20 Jul

What Are Under Armour’s Margin Expectations?

WRITTEN BY Sonya Bells FEATURED IN Pre-Release Earnings Reports

Under Armour’s margins and profitability

As discussed, Under Armour (UAA) is scheduled to report results for the second quarter of 2018 on July 26. Wall Street has predicted a net loss of eight cents per share as compared to a net loss of six cents per share in the same quarter last year. The company achieved break-even levels during the first quarter with EPS (or earnings per share) of $0.00. It outperformed Wall Street expectations of a five-cent net loss. Falling sales and inventory pressures have impacted UAA’s profitability over the last several quarters. As a result, its earnings per share fell a whopping 58% during fiscal 2017.

What Are Under Armour’s Margin Expectations?

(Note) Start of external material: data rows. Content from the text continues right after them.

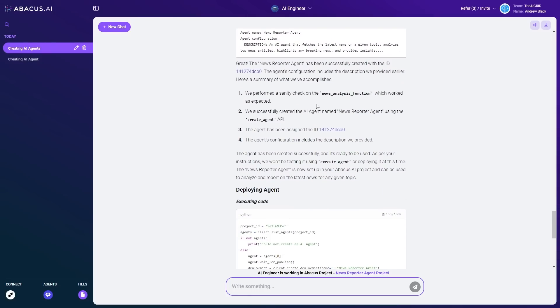This is something that I truly haven't seen from anything else, which makes this stand out that much more. Do not forget to check out the link in the description so you can access all of these amazing features at Abacus AI chat LLM teams.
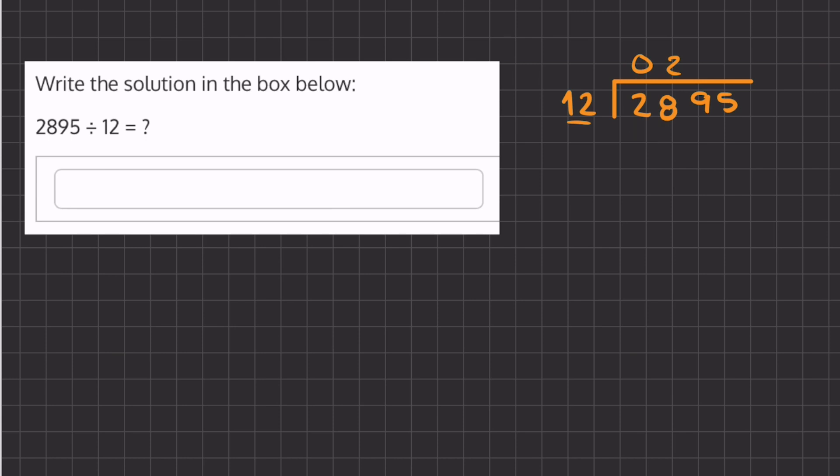Now we will have 2 times 12, which gives us 24. If we subtract, we'll get a remainder of 4. Now let's carry down this 9 and ask how many times does 12 go into 49. That is 4 times.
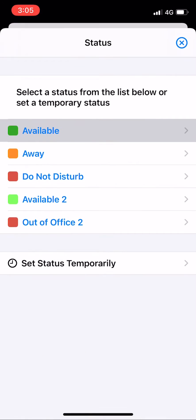There is a total of five statuses you can choose from: Available, Away, Do Not Disturb, Available To, and Out of Office.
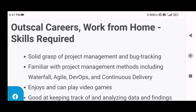Now let's move on to the skill requirements of a game tester at Outscale. First, you need to have a solid grasp of project management and bug tracking. Next, you must be familiar with project management methods including waterfall, agile, DevOps, and continuous delivery.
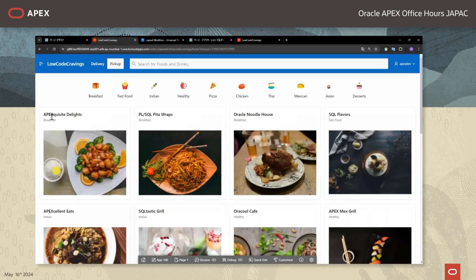それでは変更を保存しますと、このようにレストランがカード形式で表示されましてレストランの名前・カテゴリー・そしてレストランのイメージ画像が表示されました。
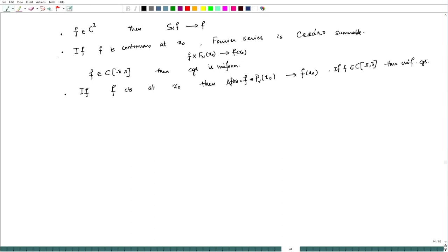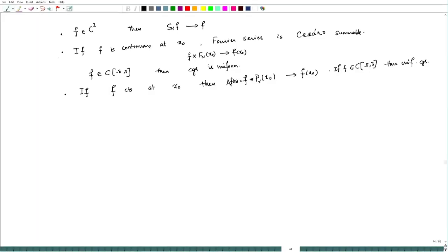So if f is continuous at x₀, then f convolved with P_r at x₀ — which is A_r(f) at x₀ — converges to f(x₀). If f belongs to C([-π, π]), then the convergence is uniform. This is what we had observed about the convergence of the Fourier series: we do not know whether it converges or diverges for a continuous function, but the Fourier series is Cesàro summable as well as Abel summable.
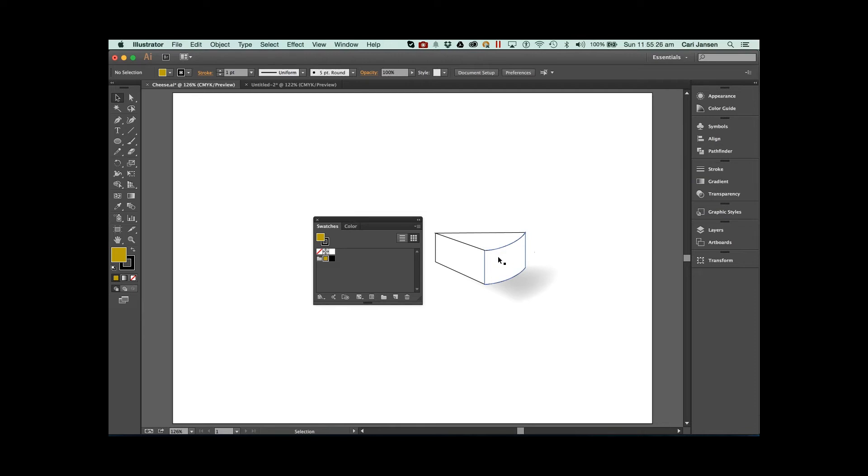One of the regular questions I'm being asked by Illustrator users is how do we apply a different tint of a color, and also how can we change our colors in our swatches panel and see those changes reflected in our artwork.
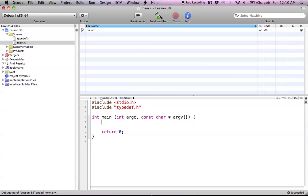Hello everyone and welcome to lesson 38 of C programming on the Mac. In this tutorial I'm going to be covering how to use typedef in C. Basically what a typedef is is kind of what it sounds like. You're defining your own type in C.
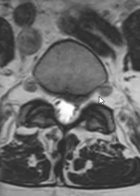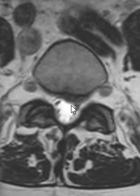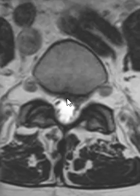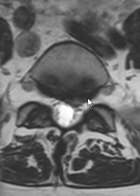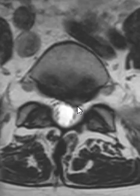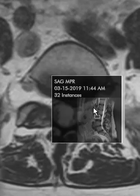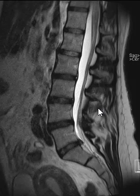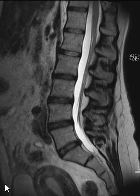At the lowest level, L5-S1, there is a disc protrusion off toward the left, pushing on the left S1 nerve, which would cause left-sided sciatica. That is how we read an MRI of the lumbar spine — hopefully that was interesting, and thank you very much for watching.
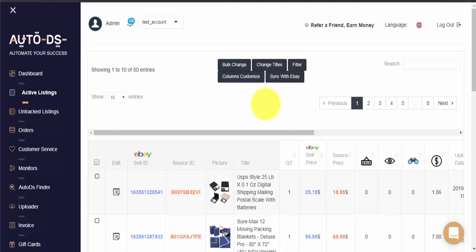Please keep in mind that if you have variation items there will still be a difference between your active listings count on eBay and on Auto DS, as Auto DS counts each variation for your items on your active listings as each variation has its own price and stock to be monitored.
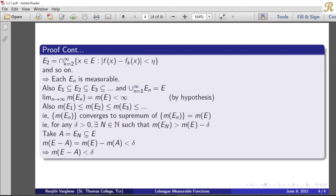Each En is a subset of E by construction. Therefore A equals EN is a subset of E. Then measure of E minus A equals measure of E minus measure of A, by the excision property. And we know that measure of E minus measure of A is less than delta, because measure of En is greater than measure of E minus delta. Therefore we get that measure of E minus A is less than delta.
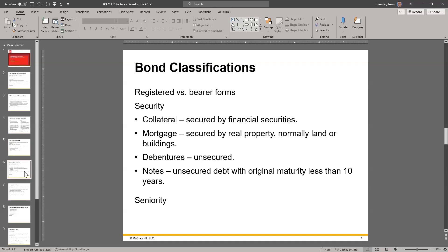Bond classifications. You have registered versus bearer form bonds. As a security — let's talk about collateral. Secured by financial securities — that could be stock used as collateral or other assets in the company. Mortgage — secured by real property, as in real estate, normally land or buildings. Debentures — unsecured, pretty much a signature loan; they just trust that you'll pay. Obviously considered riskier. Notes — unsecured debt with original maturity less than 10 years — that's your rule of thumb, the standard approach.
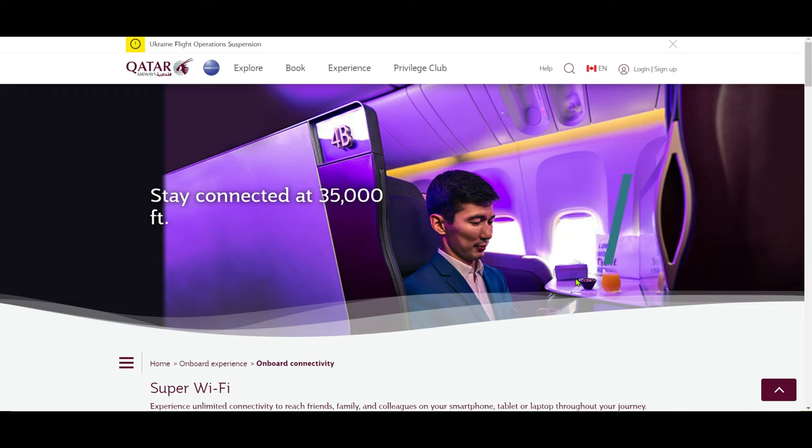Hello everyone, this is Ahmed Dan of Ahmeddan.com. Today I'll have another episode of airlines tips and tricks video and I'll talk about Qatar Airways Wi-Fi.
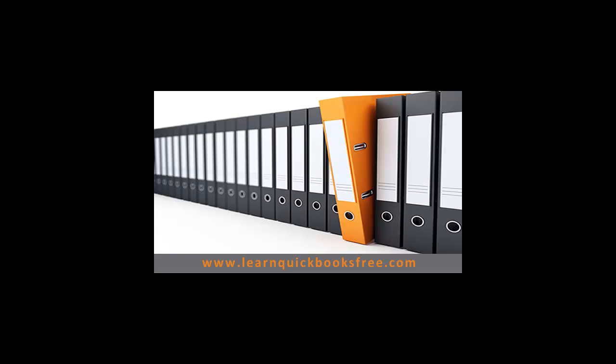And that concludes this lesson. You can visit our website at www.learnquickbooksfree.com to watch more videos. Thank you.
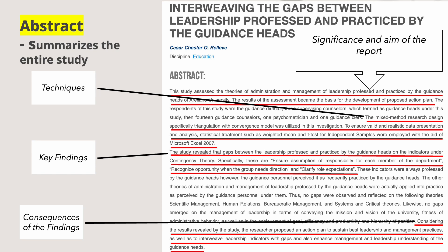For the key findings, the study revealed gaps between the leadership professed and practiced by the guidance head on the indicators under contingency theory. Specifically, these are: ensure assumption of responsibility for each member of the department, recognize opportunity when the group needs direction, and clarify role expectation.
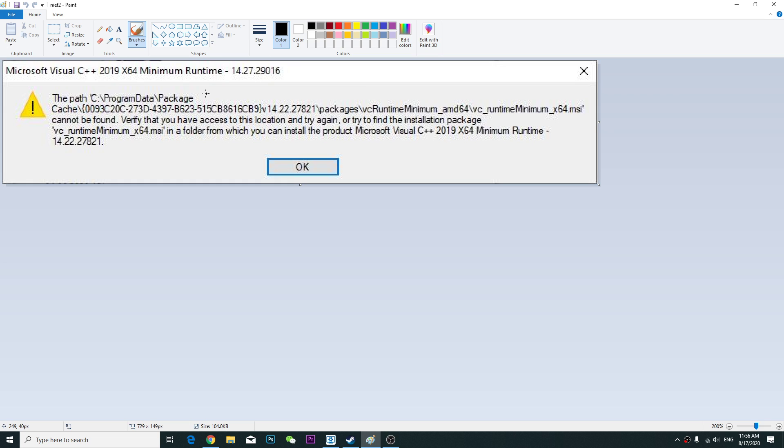Like I said, you have to uninstall the previous version. Otherwise it won't work. So that's basically it, that's how you solve this problem. Thanks for watching, have a nice day.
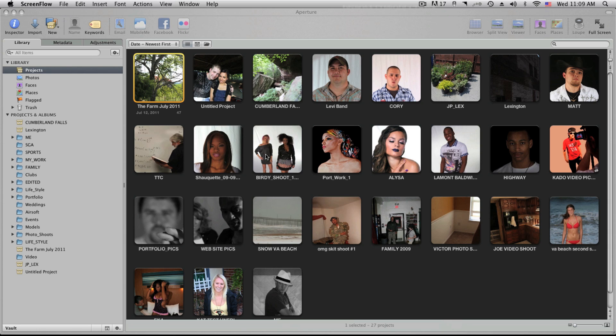Hi guys, I'm David with Media Unlocked, and today we're going to be going over Part 2 of Aperture 3. Last time we went over how to import, how to add in metadata information, and how to set up some of your presets. Today we're going to go over a little bit of editing and exactly how to edit in Aperture 3, and then send it over to Photoshop so that you can finish your edit.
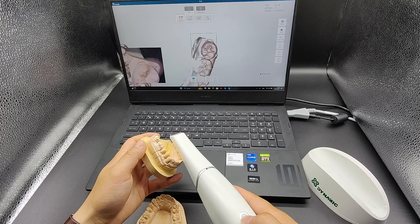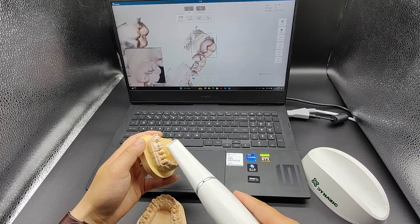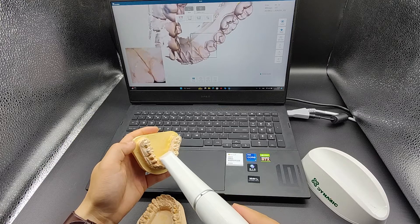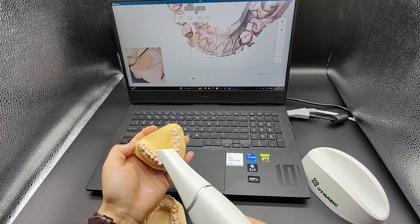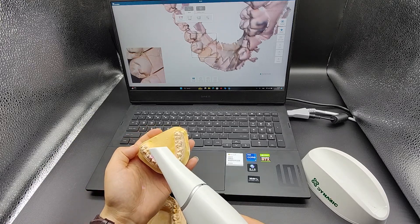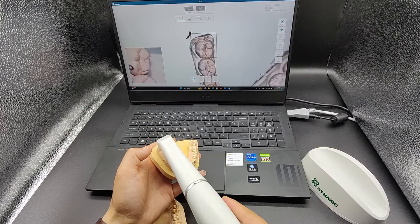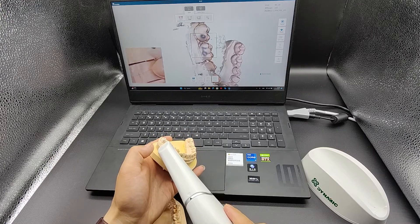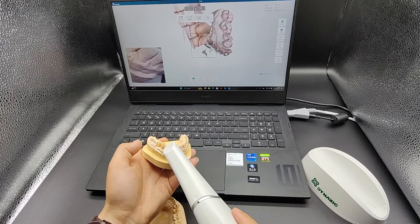After completing the occlusion surface, rotate the scanner and scan the lingual surface. After completing the lingual surface, rotate the scanner and scan the buccal surface.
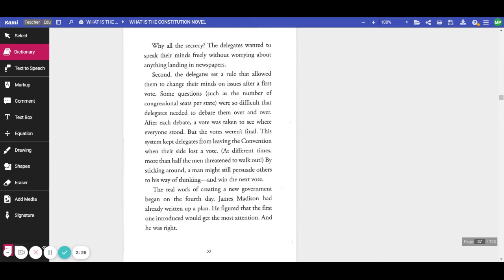Second, the delegates set a rule that allowed them to change their mind on issues after a first vote. Some questions, such as the number of congressional seats per state, were so difficult that delegates needed to debate them over and over. After each debate, a vote was taken to see where everyone stood. But the votes weren't final.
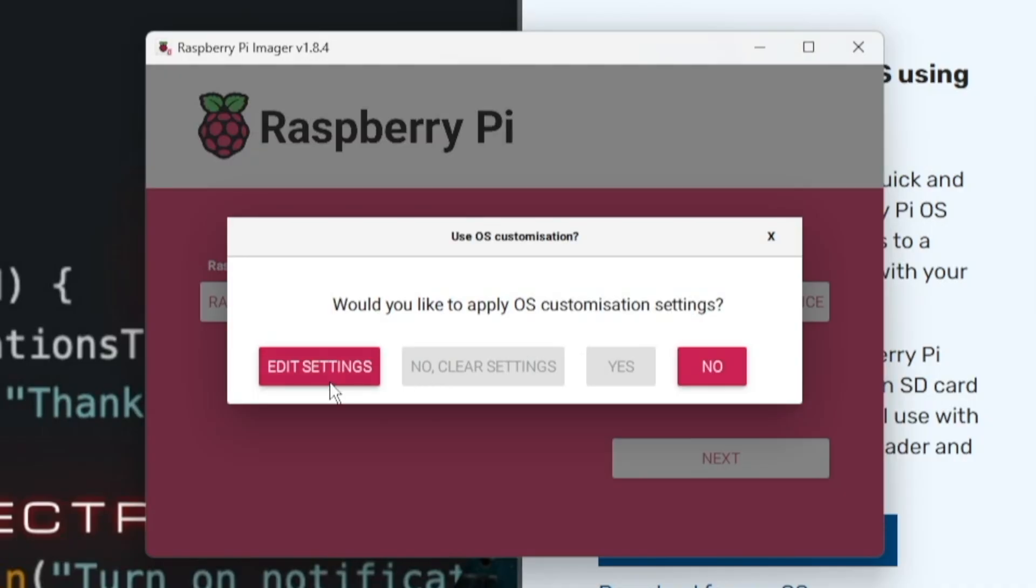In order for this to work, you're going to need to have a couple of things selected when you flash the Raspberry Pi with the Raspberry Pi OS. Now, if you don't know how to do this, check out this video right here. But a quick rundown is, when you're flashing your OS to the SD card,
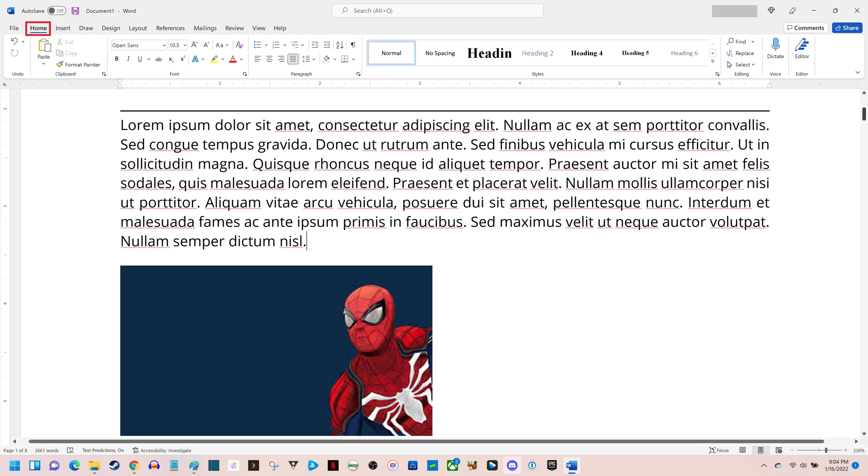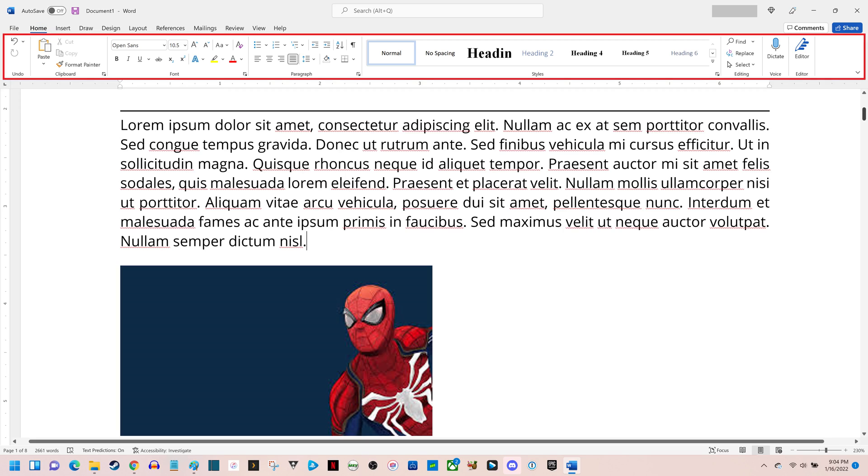Step 2. Make sure the Home tab is selected in the menu along the top of the screen. Home menu options will be shown in the ribbon.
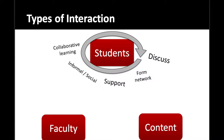Our final part of the interaction triangle is giving opportunities for students to interact with each other. Giving students an opportunity to discuss and support each other is a typical one. Student-to-student interaction happens very naturally in a face-to-face class — whether it's the hallway chat before class or talking before or after. But we have to be a little bit more intentional about it in an online course.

A look at gross margin trends

Under Armour’s gross margin has deteriorated over the last 12 quarters. The adjusted gross margin was down 60 basis points during the first quarter of 2018, as 70 basis points of positive foreign exchange impact was washed away by 130 basis points of negative impact from the higher off-price sales mix driven by inventory management initiatives.

However, management expects gross margin to improve in fiscal 2018. Changes in channel mix towards DTC sales, lower product costs, and favorable foreign currency rates are projected to boost the gross margin by 50 basis points during the year. However, most of this improvement is likely to come in the back half of the year.

SG&A expenses projected to decline in fiscal 2018

Ongoing investment in the DTC, footwear, and international businesses has resulted in a surge in Under Armour’s SG&A expenses. SG&A expenses increased at an average rate of 25% over the last five years. As a result, the company has a higher expense rate than peers.

UAA’s SG&A expense rate stood at 41.9% of sales in fiscal 2017. In comparison, Nike (NKE) and Lululemon Athletica (LULU) recorded SG&A rates of ~31% and 34%, respectively, during the last fiscal year.

The company is, however, working towards improving its cost structure. The management has projected a mid-single-digit growth rate in SG&A expenses during fiscal 2018. For the second quarter, SG&A expenses are projected to increase at a low-double-digit rate.

ETF investors seeking to add exposure to UAA can consider the PowerShares S&P 500 High Beta Portfolio (SPHB), which invests 1.1% of its portfolio in the company.